Here, Defendant argues that there was no potential for coverage based on the facts alleged in the Train action. In that complaint, Plaintiff is alleged to have played loud music in a harassing manner and to have pushed and introduced a noxious and foul-smelling substance into holes in the wall connecting Plaintiff’s unit with that of the complaining neighbors. (Train Compl., ¶¶ 11-40.) Under the terms of the policy, Defendant’s defense obligations are triggered “[i]f a claim is made or a suit is brought against [Plaintiff] for damages because of bodily injury or property damage caused by an occurrence….” (Compl., ¶ 1, Ex. A, p. 15.) The term “occurrence” means “an accident, including continuous or repeated exposure to substantially the same general harmful conditions, which results, during the policy period, in: (a) bodily injury; or (b) property damage.” (Compl., ¶ 1, Ex. A, p. 15.) Defendant contends that because the Train complaint alleges conduct on the part of Plaintiff that is “necessarily nonaccidental”, there is no potential for coverage. But both playing music loudly and pushing noxious substances into holes in the wall can be done accidentally. As set forth in a case cited by Defendant, the term “accident” refers “to the nature of the insured’s conduct, not his state of mind.” (Quan v. Truck Ins. Exchange (1998) 67 Cal.App.4th 583, 596 [emphasis removed].) In Quan, the conduct at issue was “serving alcohol to, touching, kissing, embracing, fondling or having sex with the claimant.” (Ibid.) The Court of Appeal reasoned that this conduct was “necessarily nonaccidental, not because any ‘harm’ was intended, but simply because the conduct could not be engaged in by ‘accident.’” (Ibid.) In contrast, the court cannot conclude, as a matter of law, that the conduct alleged in the Train complaint could not be engaged in by accident.
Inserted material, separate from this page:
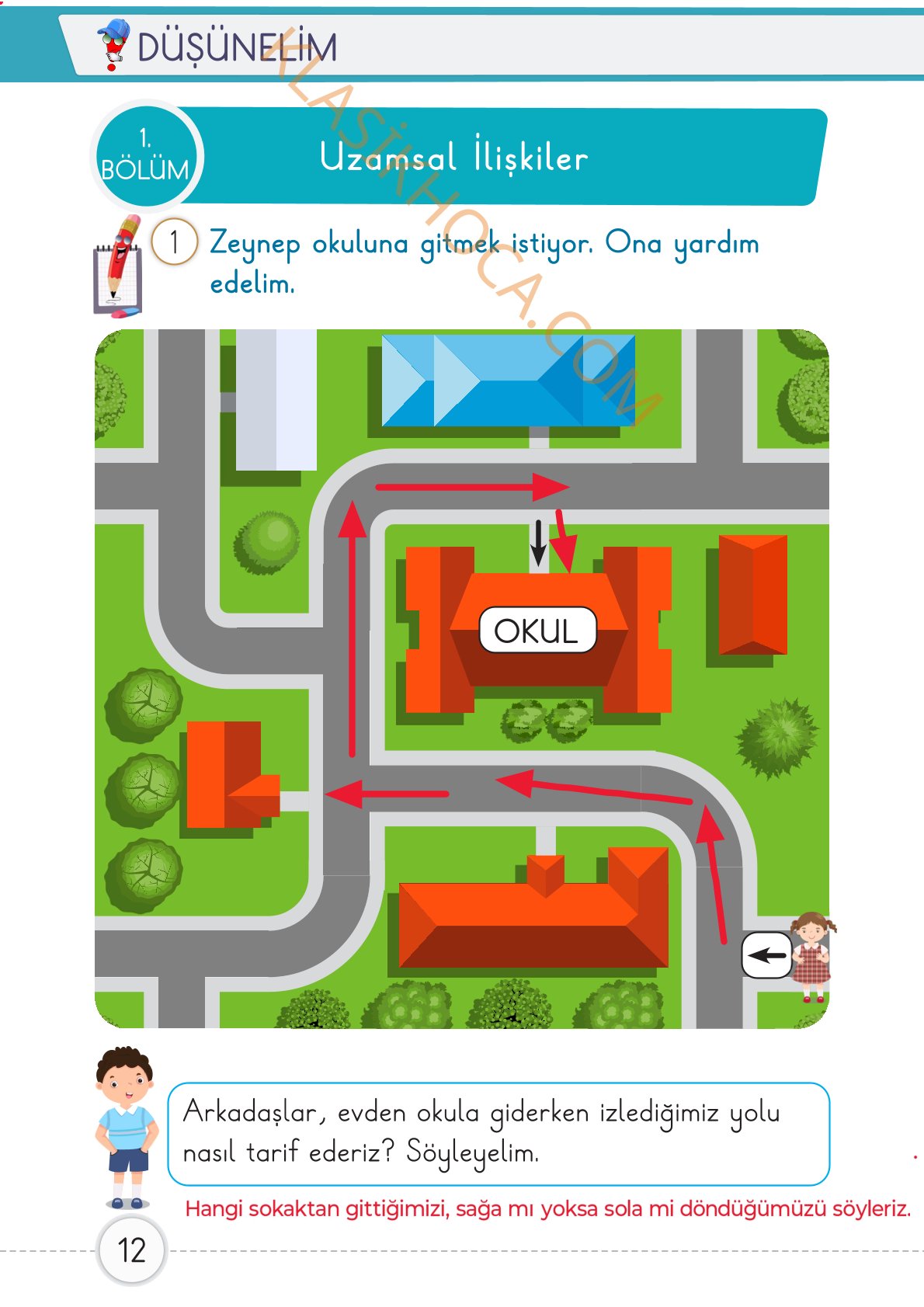 1. Sınıf Matematik Kitabı 1. Kitap Sayfa 12 Cevapları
As a separate basis for denying coverage, Defendant contends that two policy exclusions apply. First, there is an exclusion for bodily injury or property damage “caused by the intentional or purposeful acts of any insured, including conduct that would reasonably be expected to result in bodily injury to any person or property damage to any property.” (Compl., ¶ 1, Ex. A, p. 16.) Second, there is an exclusion for bodily injury or property damage “arising out of the actual, alleged, or threatened discharge, dispersal, release, escape, seepage, or migration of pollutants however caused and whenever occurring.” (Compl., ¶ 1, Ex. A, p. 16.) Pollutants are defined as “any solid, liquid, gaseous or thermal irritant or contaminant, including smoke, vapor, soot, fumes, acids, alkalis, chemicals, and waste.” (Compl., ¶ 1, Ex. A, p. 17.)

As to the intentional conduct exclusion, the court finds that it does not apply because the Train complaint alleges a cause of action for negligence. And as to the pollution exclusion, the court finds that it does not apply because the Train complaint contains allegations of harm arising from non-pollutants (i.e., loud music). Accordingly, the demurrer is overruled as to the first cause of action.

Defendant contends that the second cause of action for breach of the implied covenant of good faith and fair dealing must fail if there is no potential for coverage. But because the court finds that there is a potential for coverage, the demurrer to the second cause of action is also overruled.

CONCLUSION

Based on the foregoing, the court overrules Defendant’s demurrer to the complaint in its entirety.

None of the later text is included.